Development of more effective therapeutic strategies for cancers of high unmet need requires the continued discovery of disease-specific protein targets for therapeutic antibody targeting. In order to identify novel proteins associated with cancer cell invasion/metastasis, we present here an alternative to antibody targeting of cell surface proteins with an established role in invasion; our functional antibody screening approach involves the isolation and selection of MAbs that are primarily screened for their ability to inhibit tumour invasion. A clonal population of the Mia PaCa-2, a pancreatic ductal adenocarcinoma (PDAC) cell line, which displays a highly invasive phenotype, was used to generate MAbs with the objective of identifying membrane targets directly involved in cancer invasion. Selected MAb 7B7 can significantly reduce invasion in a dose-responsive manner in Mia PaCa-2 clone 3 and DLKP-M squamous lung carcinoma cells. Using immunoprecipitation and liquid chromatography-tandem mass spectrometry (LC-MS-MS) analysis, the target antigen of anti-invasive antibody, 7B7, was determined to be the heterodimeric Ku antigen, Ku70/80, a core protein composed of the Ku70 and Ku80 subunits which is involved in non-homologous end-joining (NHEJ) DNA repair. RNA interference-mediated knockdown of Ku70 and Ku80 resulted in a marked decrease in the invasive capacity of Mia PaCa-2 clone 3 and DLKP-M cells, indicating that Ku70/Ku80 is functionally involved in pancreatic and lung cancer invasion. Immunohistochemical analysis demonstrated Ku70/Ku80 immunoreactivity in 37 PDAC tumours, indicating that this heterodimer is highly expressed in this aggressive cancer type. This study demonstrates that a functional MAb screening approach coupled with immunoprecipitation/proteomic analyses can be successfully applied to identify functional anti-invasive MAbs and potential novel targets for therapeutic antibody targeting.

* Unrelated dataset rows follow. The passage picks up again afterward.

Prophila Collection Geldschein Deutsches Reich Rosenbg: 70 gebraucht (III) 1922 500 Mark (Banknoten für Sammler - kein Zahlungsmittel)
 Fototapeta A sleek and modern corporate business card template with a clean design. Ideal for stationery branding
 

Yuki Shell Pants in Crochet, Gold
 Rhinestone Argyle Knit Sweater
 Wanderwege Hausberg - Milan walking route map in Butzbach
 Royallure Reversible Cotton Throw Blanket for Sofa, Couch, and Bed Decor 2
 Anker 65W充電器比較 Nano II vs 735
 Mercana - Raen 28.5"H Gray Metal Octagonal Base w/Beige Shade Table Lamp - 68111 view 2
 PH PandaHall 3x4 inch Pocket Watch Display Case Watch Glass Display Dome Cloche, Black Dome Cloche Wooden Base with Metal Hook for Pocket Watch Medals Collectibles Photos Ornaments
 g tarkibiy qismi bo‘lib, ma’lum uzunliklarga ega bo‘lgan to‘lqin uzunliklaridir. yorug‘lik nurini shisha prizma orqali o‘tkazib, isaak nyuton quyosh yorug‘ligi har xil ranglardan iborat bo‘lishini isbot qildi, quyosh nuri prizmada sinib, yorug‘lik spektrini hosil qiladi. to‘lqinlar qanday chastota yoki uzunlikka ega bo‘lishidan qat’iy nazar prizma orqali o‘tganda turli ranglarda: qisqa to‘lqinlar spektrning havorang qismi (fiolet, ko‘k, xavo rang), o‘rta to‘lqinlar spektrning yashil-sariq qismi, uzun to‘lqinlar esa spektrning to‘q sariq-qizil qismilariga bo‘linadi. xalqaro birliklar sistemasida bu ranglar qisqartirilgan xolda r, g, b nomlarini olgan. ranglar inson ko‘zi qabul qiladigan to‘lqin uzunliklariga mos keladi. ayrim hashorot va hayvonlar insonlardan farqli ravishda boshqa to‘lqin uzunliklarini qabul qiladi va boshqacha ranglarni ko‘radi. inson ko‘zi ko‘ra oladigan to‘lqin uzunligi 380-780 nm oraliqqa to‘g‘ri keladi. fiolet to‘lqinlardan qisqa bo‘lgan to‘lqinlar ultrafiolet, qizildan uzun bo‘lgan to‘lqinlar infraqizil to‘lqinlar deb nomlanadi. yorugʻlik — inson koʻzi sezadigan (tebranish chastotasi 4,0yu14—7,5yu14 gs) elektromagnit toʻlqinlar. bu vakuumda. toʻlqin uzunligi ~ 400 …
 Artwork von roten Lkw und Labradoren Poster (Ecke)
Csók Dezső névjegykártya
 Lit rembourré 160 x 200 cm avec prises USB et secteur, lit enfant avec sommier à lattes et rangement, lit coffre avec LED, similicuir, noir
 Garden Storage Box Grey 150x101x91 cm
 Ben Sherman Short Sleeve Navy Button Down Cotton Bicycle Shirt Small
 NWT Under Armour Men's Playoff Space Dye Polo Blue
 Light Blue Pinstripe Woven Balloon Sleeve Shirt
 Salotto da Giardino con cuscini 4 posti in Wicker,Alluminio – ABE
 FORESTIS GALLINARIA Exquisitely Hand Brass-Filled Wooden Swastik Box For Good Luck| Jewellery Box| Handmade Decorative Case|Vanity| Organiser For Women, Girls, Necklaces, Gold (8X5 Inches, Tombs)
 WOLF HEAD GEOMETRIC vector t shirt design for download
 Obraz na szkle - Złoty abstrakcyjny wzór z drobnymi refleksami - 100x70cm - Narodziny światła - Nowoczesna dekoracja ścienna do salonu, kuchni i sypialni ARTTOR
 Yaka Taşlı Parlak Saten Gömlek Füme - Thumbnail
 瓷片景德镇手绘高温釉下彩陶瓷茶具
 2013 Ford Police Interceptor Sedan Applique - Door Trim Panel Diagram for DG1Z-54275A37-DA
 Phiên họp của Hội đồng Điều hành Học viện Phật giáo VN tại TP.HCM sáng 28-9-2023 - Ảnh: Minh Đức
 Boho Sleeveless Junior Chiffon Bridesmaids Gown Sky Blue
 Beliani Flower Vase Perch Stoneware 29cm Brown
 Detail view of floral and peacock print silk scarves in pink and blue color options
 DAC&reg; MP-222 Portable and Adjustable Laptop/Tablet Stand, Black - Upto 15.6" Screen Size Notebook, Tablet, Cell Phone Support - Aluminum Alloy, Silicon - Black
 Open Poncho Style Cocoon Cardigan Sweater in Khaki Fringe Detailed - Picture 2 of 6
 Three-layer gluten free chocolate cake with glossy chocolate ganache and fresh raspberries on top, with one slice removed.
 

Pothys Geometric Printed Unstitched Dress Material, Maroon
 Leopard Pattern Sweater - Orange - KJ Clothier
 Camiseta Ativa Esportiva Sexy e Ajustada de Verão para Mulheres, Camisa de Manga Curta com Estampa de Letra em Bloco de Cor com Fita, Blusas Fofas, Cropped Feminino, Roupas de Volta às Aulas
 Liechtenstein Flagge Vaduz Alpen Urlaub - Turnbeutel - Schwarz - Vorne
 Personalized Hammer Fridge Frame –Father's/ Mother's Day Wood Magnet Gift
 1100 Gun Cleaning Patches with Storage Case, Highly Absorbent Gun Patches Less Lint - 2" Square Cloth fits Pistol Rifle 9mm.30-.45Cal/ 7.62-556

开发针对需求未得到充分满足的癌症的更有效治疗策略,需要持续发现用于治疗性抗体靶向的疾病特异性蛋白质靶点。为了识别与癌细胞侵袭/转移相关的新蛋白质,我们在此提出一种替代方法,即针对在侵袭中起既定作用的细胞表面蛋白质进行抗体靶向;我们的功能性抗体筛选方法涉及分离和选择主要根据其抑制肿瘤侵袭能力进行筛选的单克隆抗体。使用具有高度侵袭性表型的胰腺导管腺癌(PDAC)细胞系Mia PaCa-2的克隆群体来产生单克隆抗体,目的是识别直接参与癌症侵袭的膜靶点。所选的单克隆抗体7B7可以以剂量反应方式显著降低Mia PaCa-2克隆3和DLKP-M肺鳞癌细胞的侵袭。通过免疫沉淀和液相色谱-串联质谱(LC-MS-MS)分析,确定抗侵袭抗体7B7的靶抗原为异二聚体Ku抗原Ku70/80,它是一种由Ku70和Ku80亚基组成的核心蛋白质,参与非同源末端连接(NHEJ)DNA修复。RNA干扰介导的Ku70和Ku80敲低导致Mia PaCa-2克隆3和DLKP-M细胞的侵袭能力显著下降,表明Ku70/Ku80在功能上参与胰腺癌和肺癌的侵袭。免疫组织化学分析显示37例PDAC肿瘤中有Ku70/Ku80免疫反应性,表明这种异二聚体在这种侵袭性癌症类型中高度表达。这项研究表明,功能性单克隆抗体筛选方法与免疫沉淀/蛋白质组学分析相结合,可以成功应用于识别功能性抗侵袭单克隆抗体和治疗性抗体靶向的潜在新靶点。